YOUR OBJECTIVE.
Write the data below out again, exactly as each line reads.

SUPPLIED MATERIAL below:

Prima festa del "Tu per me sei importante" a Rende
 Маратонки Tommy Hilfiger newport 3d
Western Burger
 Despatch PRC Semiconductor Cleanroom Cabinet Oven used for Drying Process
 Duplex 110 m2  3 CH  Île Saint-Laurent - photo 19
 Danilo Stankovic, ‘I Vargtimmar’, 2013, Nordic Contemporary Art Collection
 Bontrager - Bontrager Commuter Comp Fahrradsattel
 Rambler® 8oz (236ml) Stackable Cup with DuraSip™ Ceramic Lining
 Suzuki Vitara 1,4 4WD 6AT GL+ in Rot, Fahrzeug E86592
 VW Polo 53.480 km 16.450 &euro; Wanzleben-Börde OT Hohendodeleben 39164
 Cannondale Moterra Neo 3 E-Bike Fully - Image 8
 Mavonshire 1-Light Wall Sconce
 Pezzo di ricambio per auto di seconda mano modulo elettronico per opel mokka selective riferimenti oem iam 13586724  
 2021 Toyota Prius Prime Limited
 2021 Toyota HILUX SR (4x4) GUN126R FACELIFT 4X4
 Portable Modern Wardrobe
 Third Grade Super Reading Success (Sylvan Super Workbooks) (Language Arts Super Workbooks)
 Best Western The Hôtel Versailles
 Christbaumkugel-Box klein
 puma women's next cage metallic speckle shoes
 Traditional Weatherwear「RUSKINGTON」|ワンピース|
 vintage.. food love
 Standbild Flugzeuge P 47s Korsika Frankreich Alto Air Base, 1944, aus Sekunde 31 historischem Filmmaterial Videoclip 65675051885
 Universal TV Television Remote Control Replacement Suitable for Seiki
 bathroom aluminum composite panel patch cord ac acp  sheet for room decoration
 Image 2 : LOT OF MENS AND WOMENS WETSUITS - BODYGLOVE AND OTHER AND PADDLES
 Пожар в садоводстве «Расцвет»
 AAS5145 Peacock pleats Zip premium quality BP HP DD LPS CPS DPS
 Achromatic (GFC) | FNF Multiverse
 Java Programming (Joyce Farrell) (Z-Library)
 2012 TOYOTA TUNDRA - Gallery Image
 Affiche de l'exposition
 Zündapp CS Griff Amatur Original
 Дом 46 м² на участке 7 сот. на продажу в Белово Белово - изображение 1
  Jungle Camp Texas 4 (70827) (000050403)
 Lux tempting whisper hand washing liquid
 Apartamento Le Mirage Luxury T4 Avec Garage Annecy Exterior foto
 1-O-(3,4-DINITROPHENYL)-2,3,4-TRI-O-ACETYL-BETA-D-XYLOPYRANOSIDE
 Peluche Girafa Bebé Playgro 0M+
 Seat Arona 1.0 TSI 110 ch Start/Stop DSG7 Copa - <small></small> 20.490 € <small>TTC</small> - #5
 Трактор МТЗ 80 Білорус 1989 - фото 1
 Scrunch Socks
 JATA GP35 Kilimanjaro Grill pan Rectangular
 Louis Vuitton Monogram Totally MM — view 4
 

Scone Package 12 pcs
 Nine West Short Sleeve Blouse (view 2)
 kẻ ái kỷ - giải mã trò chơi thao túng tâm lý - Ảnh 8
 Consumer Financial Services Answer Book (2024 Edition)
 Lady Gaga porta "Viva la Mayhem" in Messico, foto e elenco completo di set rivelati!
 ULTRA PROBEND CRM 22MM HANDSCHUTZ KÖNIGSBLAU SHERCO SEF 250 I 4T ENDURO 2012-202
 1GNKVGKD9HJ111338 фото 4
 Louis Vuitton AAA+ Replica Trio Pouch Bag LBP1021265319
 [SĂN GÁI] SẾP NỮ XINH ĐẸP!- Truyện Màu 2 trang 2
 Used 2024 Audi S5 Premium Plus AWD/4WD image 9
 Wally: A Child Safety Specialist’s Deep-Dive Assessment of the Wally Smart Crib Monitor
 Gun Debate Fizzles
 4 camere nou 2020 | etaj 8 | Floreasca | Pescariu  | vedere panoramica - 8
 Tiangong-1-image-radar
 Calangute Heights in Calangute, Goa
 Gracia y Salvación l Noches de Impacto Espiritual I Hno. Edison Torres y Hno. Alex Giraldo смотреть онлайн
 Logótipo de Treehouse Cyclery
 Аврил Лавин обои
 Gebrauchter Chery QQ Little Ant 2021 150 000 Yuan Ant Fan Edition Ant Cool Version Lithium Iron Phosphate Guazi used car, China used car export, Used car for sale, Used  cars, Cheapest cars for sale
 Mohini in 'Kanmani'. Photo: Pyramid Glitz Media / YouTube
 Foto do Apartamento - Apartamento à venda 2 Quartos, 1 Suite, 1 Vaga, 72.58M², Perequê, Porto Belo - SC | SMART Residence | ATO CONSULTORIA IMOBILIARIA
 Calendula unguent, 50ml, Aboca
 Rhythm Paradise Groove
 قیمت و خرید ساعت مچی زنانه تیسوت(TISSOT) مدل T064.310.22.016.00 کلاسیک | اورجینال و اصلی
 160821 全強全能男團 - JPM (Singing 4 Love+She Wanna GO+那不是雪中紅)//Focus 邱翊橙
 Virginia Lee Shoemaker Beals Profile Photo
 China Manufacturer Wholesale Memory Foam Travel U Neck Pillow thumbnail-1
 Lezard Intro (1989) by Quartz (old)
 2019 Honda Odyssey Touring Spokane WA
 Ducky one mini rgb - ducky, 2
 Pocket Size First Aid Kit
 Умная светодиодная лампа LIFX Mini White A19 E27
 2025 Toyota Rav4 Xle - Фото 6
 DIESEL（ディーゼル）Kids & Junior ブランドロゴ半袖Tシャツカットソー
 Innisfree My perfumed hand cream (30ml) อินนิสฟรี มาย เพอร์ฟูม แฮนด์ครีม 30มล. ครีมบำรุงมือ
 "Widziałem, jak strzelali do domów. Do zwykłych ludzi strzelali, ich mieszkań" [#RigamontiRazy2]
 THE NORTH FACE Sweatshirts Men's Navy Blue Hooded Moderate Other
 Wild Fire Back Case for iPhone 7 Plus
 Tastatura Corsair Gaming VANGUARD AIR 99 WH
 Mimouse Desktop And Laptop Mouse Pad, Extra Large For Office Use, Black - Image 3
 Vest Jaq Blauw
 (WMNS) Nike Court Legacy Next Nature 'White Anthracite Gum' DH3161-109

End of SUPPLIED MATERIAL.

OUTPUT OF THE TASK.
Prima festa del "Tu per me sei importante" a Rende
 Маратонки Tommy Hilfiger newport 3d
Western Burger
 Despatch PRC Semiconductor Cleanroom Cabinet Oven used for Drying Process
 Duplex 110 m2  3 CH  Île Saint-Laurent - photo 19
 Danilo Stankovic, ‘I Vargtimmar’, 2013, Nordic Contemporary Art Collection
 Bontrager - Bontrager Commuter Comp Fahrradsattel
 Rambler® 8oz (236ml) Stackable Cup with DuraSip™ Ceramic Lining
 Suzuki Vitara 1,4 4WD 6AT GL+ in Rot, Fahrzeug E86592
 VW Polo 53.480 km 16.450 &euro; Wanzleben-Börde OT Hohendodeleben 39164
 Cannondale Moterra Neo 3 E-Bike Fully - Image 8
 Mavonshire 1-Light Wall Sconce
 Pezzo di ricambio per auto di seconda mano modulo elettronico per opel mokka selective riferimenti oem iam 13586724  
 2021 Toyota Prius Prime Limited
 2021 Toyota HILUX SR (4x4) GUN126R FACELIFT 4X4
 Portable Modern Wardrobe
 Third Grade Super Reading Success (Sylvan Super Workbooks) (Language Arts Super Workbooks)
 Best Western The Hôtel Versailles
 Christbaumkugel-Box klein
 puma women's next cage metallic speckle shoes
 Traditional Weatherwear「RUSKINGTON」|ワンピース|
 vintage.. food love
 Standbild Flugzeuge P 47s Korsika Frankreich Alto Air Base, 1944, aus Sekunde 31 historischem Filmmaterial Videoclip 65675051885
 Universal TV Television Remote Control Replacement Suitable for Seiki
 bathroom aluminum composite panel patch cord ac acp  sheet for room decoration
 Image 2 : LOT OF MENS AND WOMENS WETSUITS - BODYGLOVE AND OTHER AND PADDLES
 Пожар в садоводстве «Расцвет»
 AAS5145 Peacock pleats Zip premium quality BP HP DD LPS CPS DPS
 Achromatic (GFC) | FNF Multiverse
 Java Programming (Joyce Farrell) (Z-Library)
 2012 TOYOTA TUNDRA - Gallery Image
 Affiche de l'exposition
 Zündapp CS Griff Amatur Original
 Дом 46 м² на участке 7 сот. на продажу в Белово Белово - изображение 1
  Jungle Camp Texas 4 (70827) (000050403)
 Lux tempting whisper hand washing liquid
 Apartamento Le Mirage Luxury T4 Avec Garage Annecy Exterior foto
 1-O-(3,4-DINITROPHENYL)-2,3,4-TRI-O-ACETYL-BETA-D-XYLOPYRANOSIDE
 Peluche Girafa Bebé Playgro 0M+
 Seat Arona 1.0 TSI 110 ch Start/Stop DSG7 Copa - <small></small> 20.490 € <small>TTC</small> - #5
 Трактор МТЗ 80 Білорус 1989 - фото 1
 Scrunch Socks
 JATA GP35 Kilimanjaro Grill pan Rectangular
 Louis Vuitton Monogram Totally MM — view 4
 

Scone Package 12 pcs
 Nine West Short Sleeve Blouse (view 2)
 kẻ ái kỷ - giải mã trò chơi thao túng tâm lý - Ảnh 8
 Consumer Financial Services Answer Book (2024 Edition)
 Lady Gaga porta "Viva la Mayhem" in Messico, foto e elenco completo di set rivelati!
 ULTRA PROBEND CRM 22MM HANDSCHUTZ KÖNIGSBLAU SHERCO SEF 250 I 4T ENDURO 2012-202
 1GNKVGKD9HJ111338 фото 4
 Louis Vuitton AAA+ Replica Trio Pouch Bag LBP1021265319
 [SĂN GÁI] SẾP NỮ XINH ĐẸP!- Truyện Màu 2 trang 2
 Used 2024 Audi S5 Premium Plus AWD/4WD image 9
 Wally: A Child Safety Specialist’s Deep-Dive Assessment of the Wally Smart Crib Monitor
 Gun Debate Fizzles
 4 camere nou 2020 | etaj 8 | Floreasca | Pescariu  | vedere panoramica - 8
 Tiangong-1-image-radar
 Calangute Heights in Calangute, Goa
 Gracia y Salvación l Noches de Impacto Espiritual I Hno. Edison Torres y Hno. Alex Giraldo смотреть онлайн
 Logótipo de Treehouse Cyclery
 Аврил Лавин обои
 Gebrauchter Chery QQ Little Ant 2021 150 000 Yuan Ant Fan Edition Ant Cool Version Lithium Iron Phosphate Guazi used car, China used car export, Used car for sale, Used  cars, Cheapest cars for sale
 Mohini in 'Kanmani'. Photo: Pyramid Glitz Media / YouTube
 Foto do Apartamento - Apartamento à venda 2 Quartos, 1 Suite, 1 Vaga, 72.58M², Perequê, Porto Belo - SC | SMART Residence | ATO CONSULTORIA IMOBILIARIA
 Calendula unguent, 50ml, Aboca
 Rhythm Paradise Groove
 قیمت و خرید ساعت مچی زنانه تیسوت(TISSOT) مدل T064.310.22.016.00 کلاسیک | اورجینال و اصلی
 160821 全強全能男團 - JPM (Singing 4 Love+She Wanna GO+那不是雪中紅)//Focus 邱翊橙
 Virginia Lee Shoemaker Beals Profile Photo
 China Manufacturer Wholesale Memory Foam Travel U Neck Pillow thumbnail-1
 Lezard Intro (1989) by Quartz (old)
 2019 Honda Odyssey Touring Spokane WA
 Ducky one mini rgb - ducky, 2
 Pocket Size First Aid Kit
 Умная светодиодная лампа LIFX Mini White A19 E27
 2025 Toyota Rav4 Xle - Фото 6
 DIESEL（ディーゼル）Kids & Junior ブランドロゴ半袖Tシャツカットソー
 Innisfree My perfumed hand cream (30ml) อินนิสฟรี มาย เพอร์ฟูม แฮนด์ครีม 30มล. ครีมบำรุงมือ
 "Widziałem, jak strzelali do domów. Do zwykłych ludzi strzelali, ich mieszkań" [#RigamontiRazy2]
 THE NORTH FACE Sweatshirts Men's Navy Blue Hooded Moderate Other
 Wild Fire Back Case for iPhone 7 Plus
 Tastatura Corsair Gaming VANGUARD AIR 99 WH
 Mimouse Desktop And Laptop Mouse Pad, Extra Large For Office Use, Black - Image 3
 Vest Jaq Blauw
 (WMNS) Nike Court Legacy Next Nature 'White Anthracite Gum' DH3161-109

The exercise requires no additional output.